My initial plan is to incapacitate him, but now, beating him to a pulp feels too satisfying to stop. I feel two of his incisors cut into my fist before they loosen and cave in.

Still, I’m unable to make myself stop, and I start praying for the cops to show up before I kill the man.

Because all I see when I look at him is my twin brother’s frozen body in a wetsuit.

The sound of a loud, wet gurgle makes me stop long enough to listen. I can also hear that the bathroom tap is on as water flows steadily.

“Tess?”

John turns his head and spits out a tooth and a wad of bloody phlegm. “I suggested that she wait for you naked like the slut that she is, in a tub full of water.”

She’s been in there the whole time?

I push myself off of John and run in the direction of the bathroom, my heart in my throat.
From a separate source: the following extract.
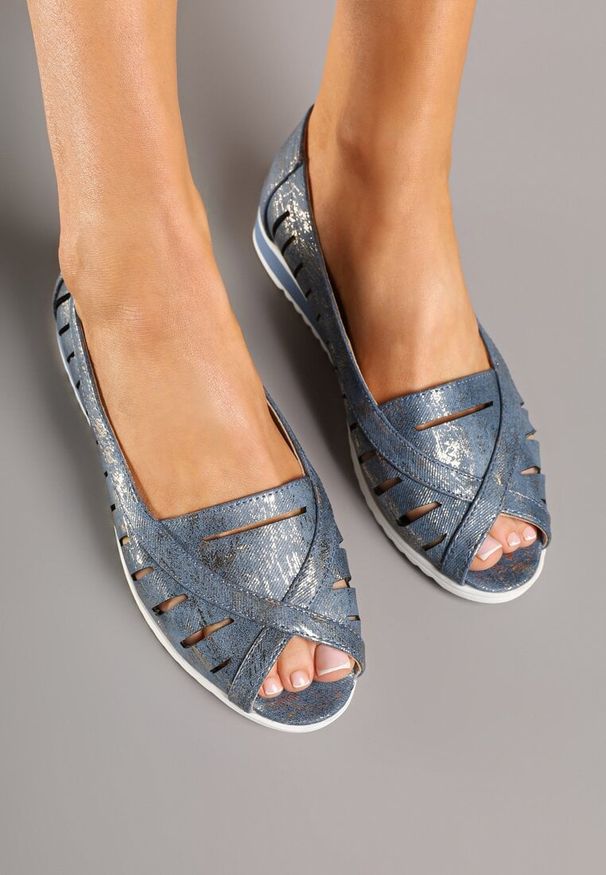 Born2be - Niebieskie Metaliczne Balerinki z Tłoczeniem Skóry Węża i Noskiem Peep Toe Ilisella. Okazja: na co dzień, na spacer. Nosek buta: otwarty. Kolor: niebieski. Materiał: skóra. Wzór: ażurowy. Obcas: na płaskiej podeszwie. Styl: klasyczny, elegancki, casual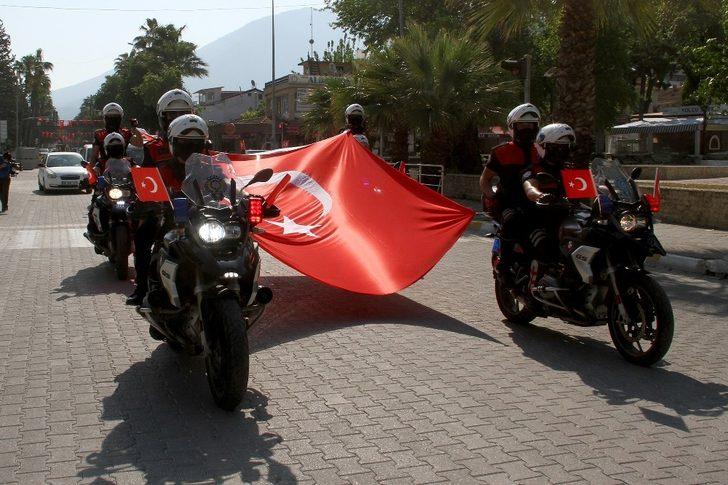 Polis korteji eşliğinde 23 Nisan coşkusu G2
I’ve seen a lot of awful things, but the sight that greets my eyes breaks me open.

The woman I love, submerged in a tub as though sleeping, the water above her beautiful face as still as the surface of a mirror. Her face looks peaceful, soft, while the rest of her body is limp.

No!

The rest of what happens is a blur.

I don’t remember carrying her out or laying her on the floor and starting CPR. Or the police crashing in minutes after that.

I don’t remember refusing to allow anyone else to take over her resuscitation or hitting the man who tried to drag me off her.

Not until the fog starts to lift from my brain do I realize that the officer I punched was Alvin Ling, a policeman and Marta, my employee’s husband.